WHAT YOU NEED TO DO: From the line with "Photo 3 of 10" to the line with "X0000096130869200801180827", output every line below exactly, both ends included. Skip the pictures.

DATA SHOWN:
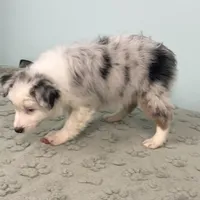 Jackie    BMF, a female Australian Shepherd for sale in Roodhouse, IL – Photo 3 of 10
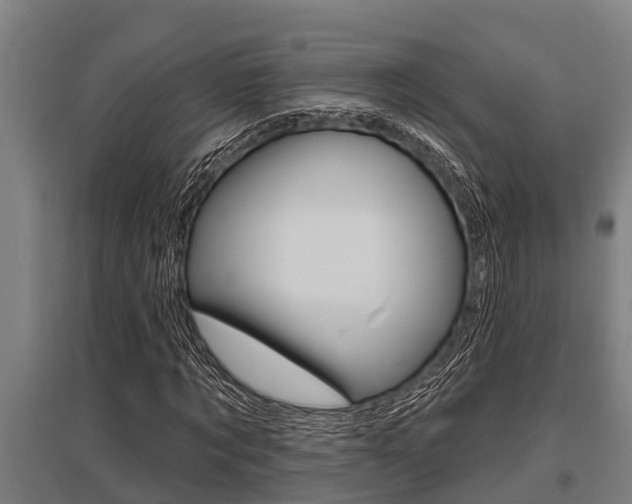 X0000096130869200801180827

---

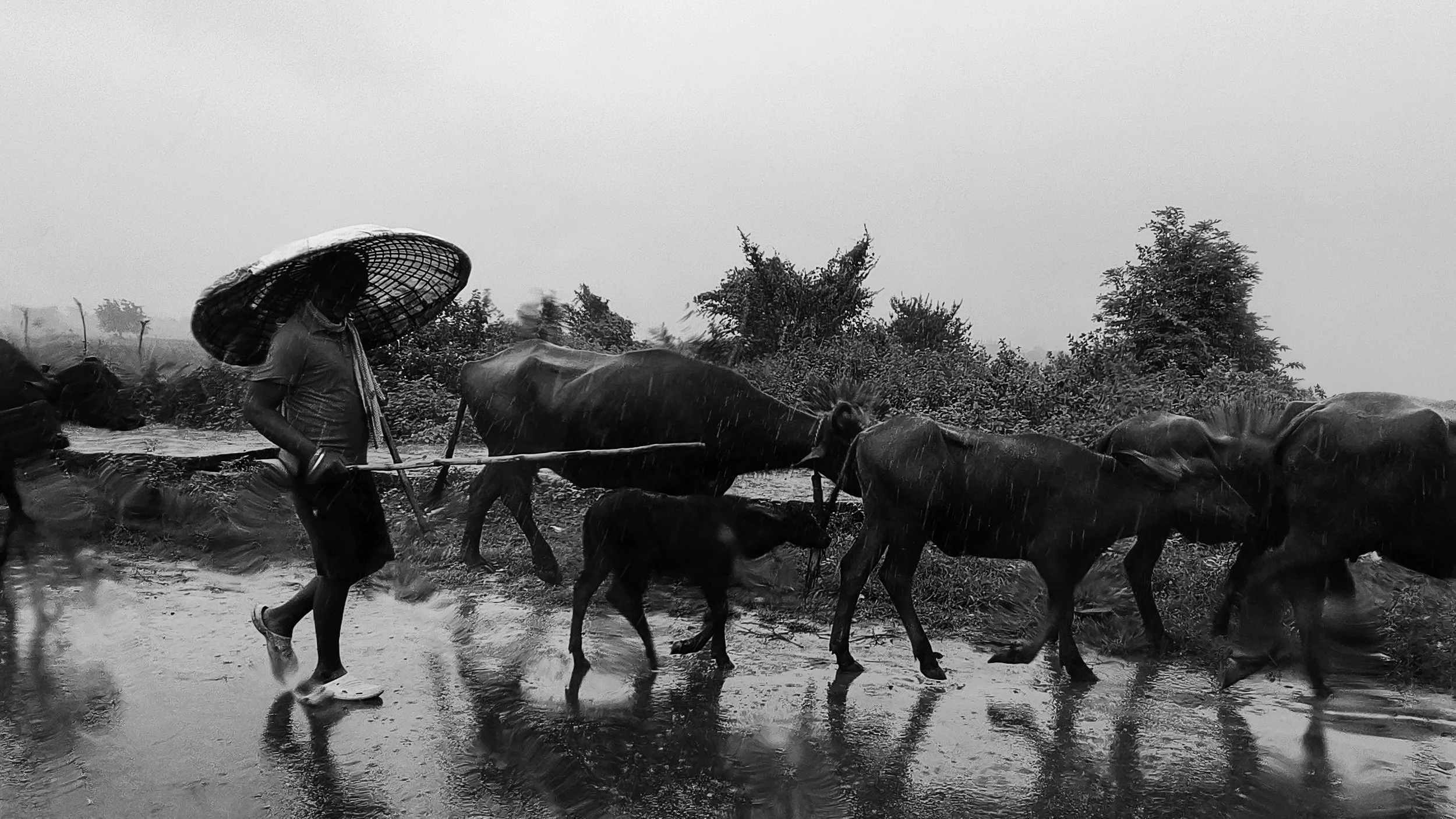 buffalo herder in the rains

* * *

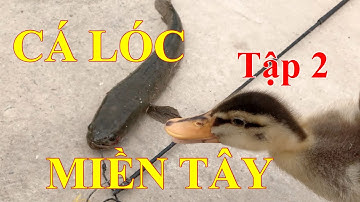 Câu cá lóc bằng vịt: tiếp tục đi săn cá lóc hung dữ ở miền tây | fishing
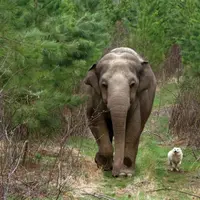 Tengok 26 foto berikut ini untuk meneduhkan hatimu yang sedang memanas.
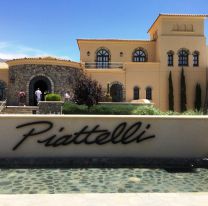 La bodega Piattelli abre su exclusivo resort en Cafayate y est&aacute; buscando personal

REPLY TO THE EXERCISE:
 Jackie    BMF, a female Australian Shepherd for sale in Roodhouse, IL – Photo 3 of 10
 X0000096130869200801180827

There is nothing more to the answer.